SUNSHINE–FLOW–FIZZLE OUT–AWAY FROM ME–I TRY TO BE GOOD–YOU BETTER START PRAYING–RED SHOES–THROW IT TO THE WOLVES FOR LOVE–I’D RATHER DRINK MUDDY WATER–YOU MUST BE LOSING YOUR MIND–HEAVENLY DAY–UNDER LOCK AND KEY (BONUS TRACK)

Since their last album in 2011, Davina (Sowers) And The Vagabonds toured extensively throughout thirty-eight states, two Canadian provinces, and eight Europan nations.  That extensive travel took its toll, and, as such, several band members have changed since the release of “Black Cloud.”  Now, tho, all is “Sunshine,” as the new album’s title explains, featuring nine originals and three covers, showing that this group has lost none of its dedication and passion to carrying on their vintage jazz, swing, and blues style, all done acoustically.  Davina’s vocals are energetic, sassy, and, when the need arises, downright torch-y.

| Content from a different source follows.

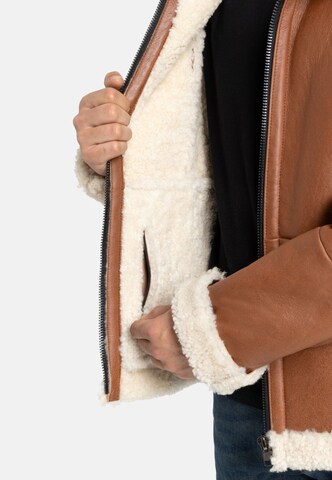 Valcuer 1887 Between-Season Jacket 'Peter VC' in Brown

The upbeat, doo-wop-inspired title cut sets the tone for the rest of the album.  Her heart is now full of “Sunshine,” after the love affair that was “wrong for years” is now behind her.  “Away From Me” is that “3 AM and it’s closing time” torch song, where “the blues took you away from me and me away from you,’ its poignancy underscored by only the backing of piano and brush-stroked drums.  “I Try To Be Good” is a cute “good girl-bad girl” song, set over a minor-key rhumba beat.

Even tho she’s got on “My Red Shoes,” Davina’s staying in tonite with that special someone!  The horn section, percussion, and piano give this one a pure New Orleans groove.  And, the set closes as it began, with the optimism of Davina who begs a new lover to “take me out from Under Lock And Key.”

We had two favorites, too.  Davina does have a bluesy side, evident on the down-and-dirty classic, “I’d Rather Drink Muddy Water and sleep in a hollow log” than let her lover go!  And, she plays the “messenger” to a potential beau who’s lover is “hangin’ around with all those nasty boys uptown,” in the ragtimey, “You Better Start Praying.”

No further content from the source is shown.